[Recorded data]

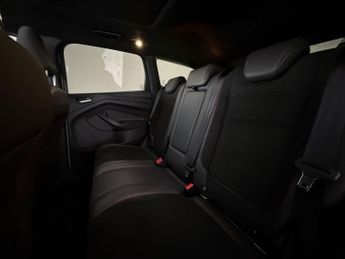 Ford Kuga 2.0 TDCi ST-Line X Powershift AWD Euro 6 (s/s) 5dr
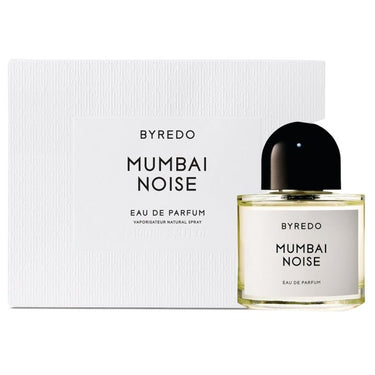 Mumbai Noise EDP Unisex by Byredo, 100 ml - Fragmetics.com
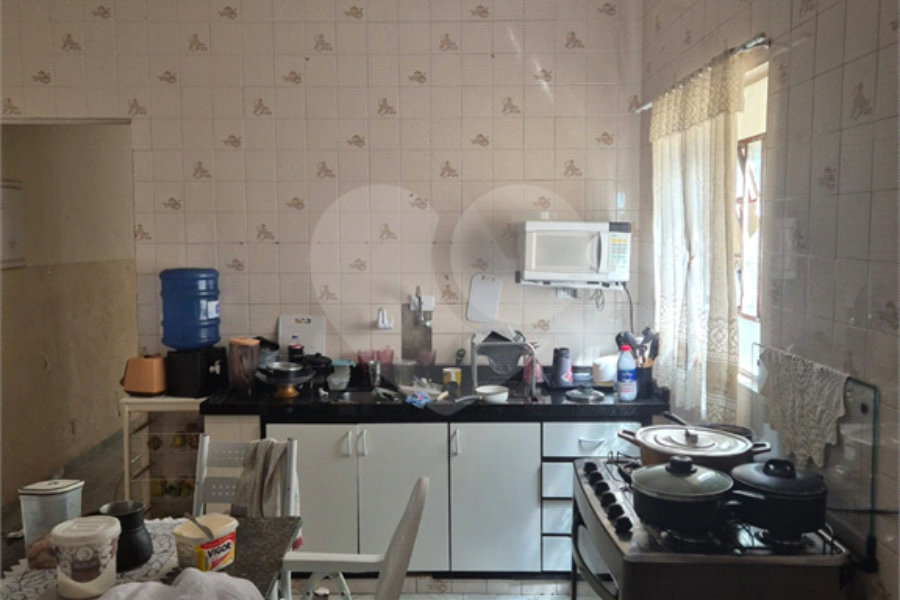 Sobrado à venda com 4 quartos em Tremembé, São Paulo, SP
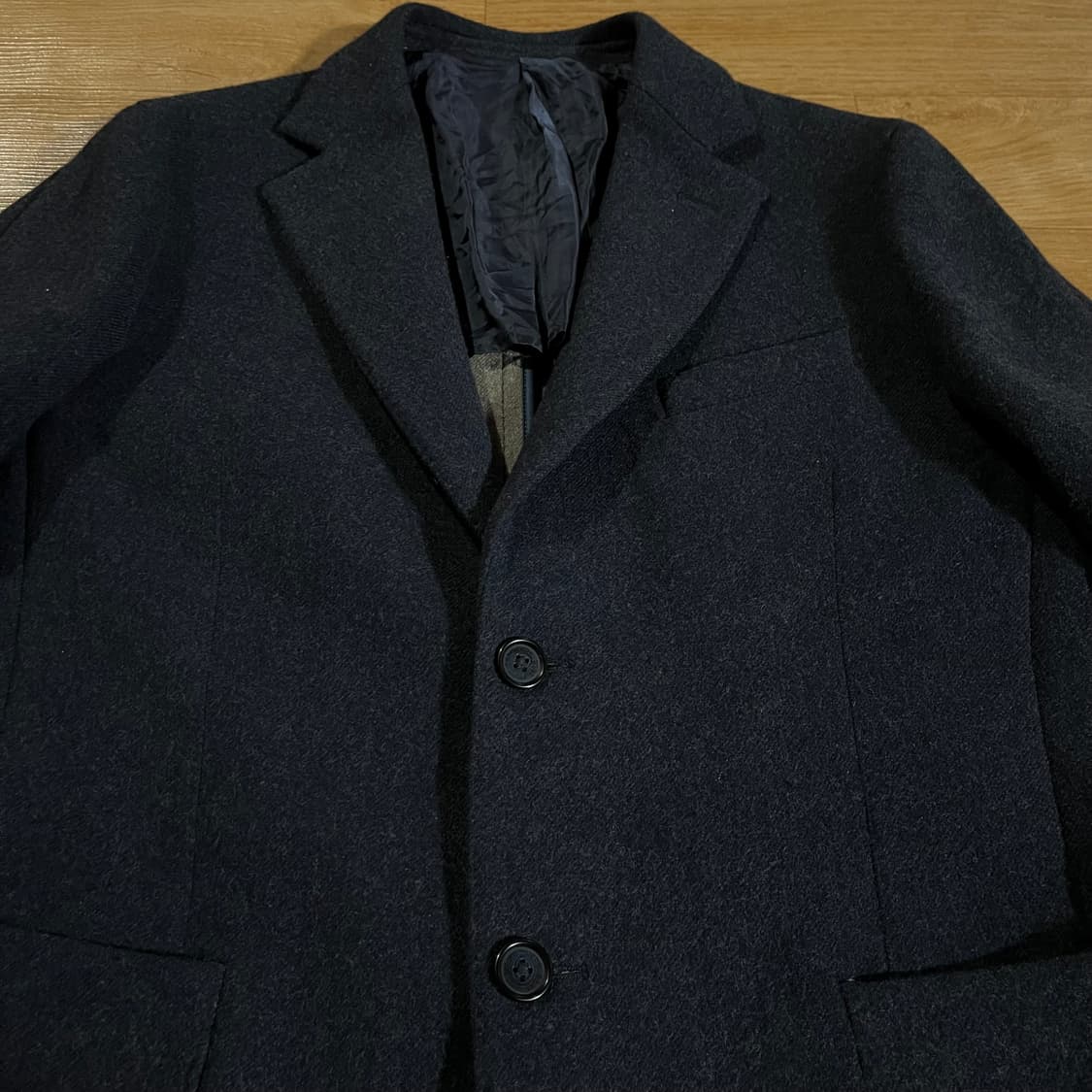 [100] 브룩스브라더스 울코트 상품이미지2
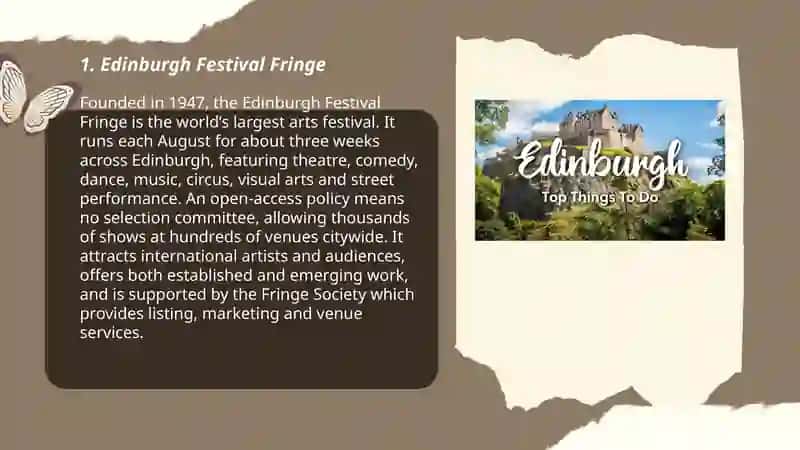 Festivals in Scotland 3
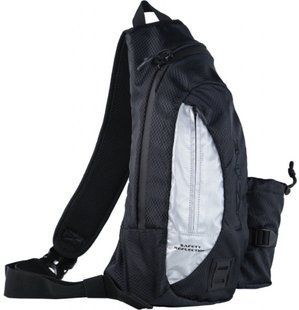 Рюкзак Lezyne Shoulder Pack 4.8 L, Чорний 4712806 002947 фото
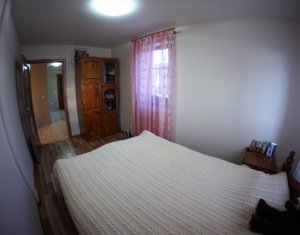 Appartement 2 chambres à vendre dans Floresti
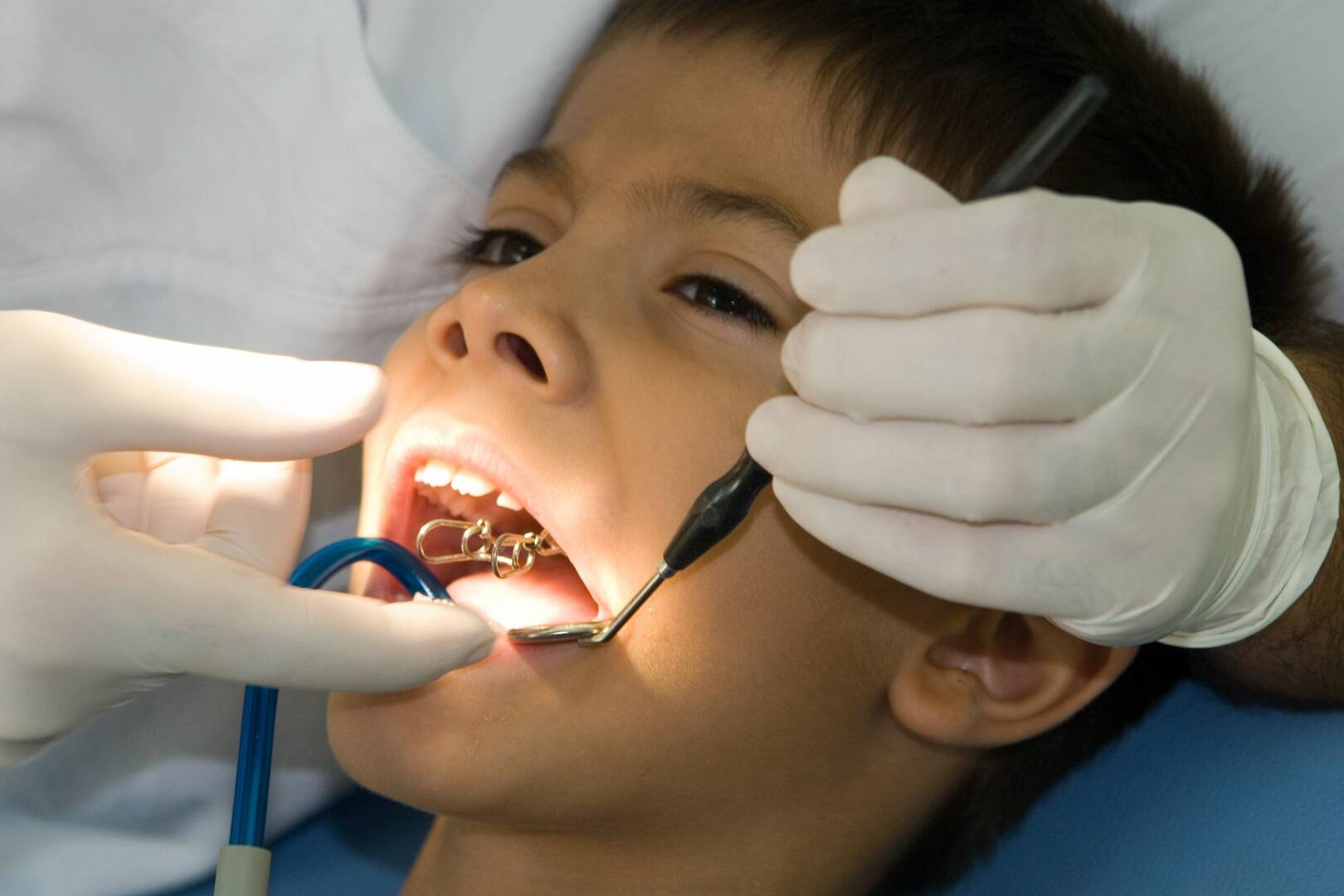 Delgado Orthodontics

Task item: Retype word for word the span of lines above that begins with the line containing "Sobrado à venda" and ends with the last line of the records; skip all pictures.

Result of this task:
 Sobrado à venda com 4 quartos em Tremembé, São Paulo, SP
 [100] 브룩스브라더스 울코트 상품이미지2
 Festivals in Scotland 3
 Рюкзак Lezyne Shoulder Pack 4.8 L, Чорний 4712806 002947 фото
 Appartement 2 chambres à vendre dans Floresti
 Delgado Orthodontics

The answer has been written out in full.